[Opening Material provided section]

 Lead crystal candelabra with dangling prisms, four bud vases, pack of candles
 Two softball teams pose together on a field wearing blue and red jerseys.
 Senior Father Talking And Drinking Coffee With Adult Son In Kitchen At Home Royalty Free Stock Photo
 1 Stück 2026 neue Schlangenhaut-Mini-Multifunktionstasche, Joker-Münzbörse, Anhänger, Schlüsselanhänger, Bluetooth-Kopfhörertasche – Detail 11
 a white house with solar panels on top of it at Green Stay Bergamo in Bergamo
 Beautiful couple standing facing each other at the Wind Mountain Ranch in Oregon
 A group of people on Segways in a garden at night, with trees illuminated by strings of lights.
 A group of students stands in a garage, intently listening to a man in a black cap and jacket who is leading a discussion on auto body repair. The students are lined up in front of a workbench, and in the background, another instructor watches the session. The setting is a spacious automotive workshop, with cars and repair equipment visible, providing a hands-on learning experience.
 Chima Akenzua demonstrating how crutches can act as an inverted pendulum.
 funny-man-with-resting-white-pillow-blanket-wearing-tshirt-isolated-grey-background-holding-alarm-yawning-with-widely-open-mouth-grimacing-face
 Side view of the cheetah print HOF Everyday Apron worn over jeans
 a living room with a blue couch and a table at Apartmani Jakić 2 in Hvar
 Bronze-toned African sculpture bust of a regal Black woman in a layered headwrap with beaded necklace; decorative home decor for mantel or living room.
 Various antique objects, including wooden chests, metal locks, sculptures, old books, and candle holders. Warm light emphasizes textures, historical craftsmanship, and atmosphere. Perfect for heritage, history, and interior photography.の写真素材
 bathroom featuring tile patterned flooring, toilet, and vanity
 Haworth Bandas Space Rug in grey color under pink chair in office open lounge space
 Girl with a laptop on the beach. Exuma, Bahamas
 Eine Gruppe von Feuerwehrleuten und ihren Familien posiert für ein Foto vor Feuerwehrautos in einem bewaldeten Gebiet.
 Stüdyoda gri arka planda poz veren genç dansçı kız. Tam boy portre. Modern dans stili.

[Closing Material provided section]

**Work instruction:** In full and without alteration, transcribe the entries above.

**Completed task:**
 Lead crystal candelabra with dangling prisms, four bud vases, pack of candles
 Two softball teams pose together on a field wearing blue and red jerseys.
 Senior Father Talking And Drinking Coffee With Adult Son In Kitchen At Home Royalty Free Stock Photo
 1 Stück 2026 neue Schlangenhaut-Mini-Multifunktionstasche, Joker-Münzbörse, Anhänger, Schlüsselanhänger, Bluetooth-Kopfhörertasche – Detail 11
 a white house with solar panels on top of it at Green Stay Bergamo in Bergamo
 Beautiful couple standing facing each other at the Wind Mountain Ranch in Oregon
 A group of people on Segways in a garden at night, with trees illuminated by strings of lights.
 A group of students stands in a garage, intently listening to a man in a black cap and jacket who is leading a discussion on auto body repair. The students are lined up in front of a workbench, and in the background, another instructor watches the session. The setting is a spacious automotive workshop, with cars and repair equipment visible, providing a hands-on learning experience.
 Chima Akenzua demonstrating how crutches can act as an inverted pendulum.
 funny-man-with-resting-white-pillow-blanket-wearing-tshirt-isolated-grey-background-holding-alarm-yawning-with-widely-open-mouth-grimacing-face
 Side view of the cheetah print HOF Everyday Apron worn over jeans
 a living room with a blue couch and a table at Apartmani Jakić 2 in Hvar
 Bronze-toned African sculpture bust of a regal Black woman in a layered headwrap with beaded necklace; decorative home decor for mantel or living room.
 Various antique objects, including wooden chests, metal locks, sculptures, old books, and candle holders. Warm light emphasizes textures, historical craftsmanship, and atmosphere. Perfect for heritage, history, and interior photography.の写真素材
 bathroom featuring tile patterned flooring, toilet, and vanity
 Haworth Bandas Space Rug in grey color under pink chair in office open lounge space
 Girl with a laptop on the beach. Exuma, Bahamas
 Eine Gruppe von Feuerwehrleuten und ihren Familien posiert für ein Foto vor Feuerwehrautos in einem bewaldeten Gebiet.
 Stüdyoda gri arka planda poz veren genç dansçı kız. Tam boy portre. Modern dans stili.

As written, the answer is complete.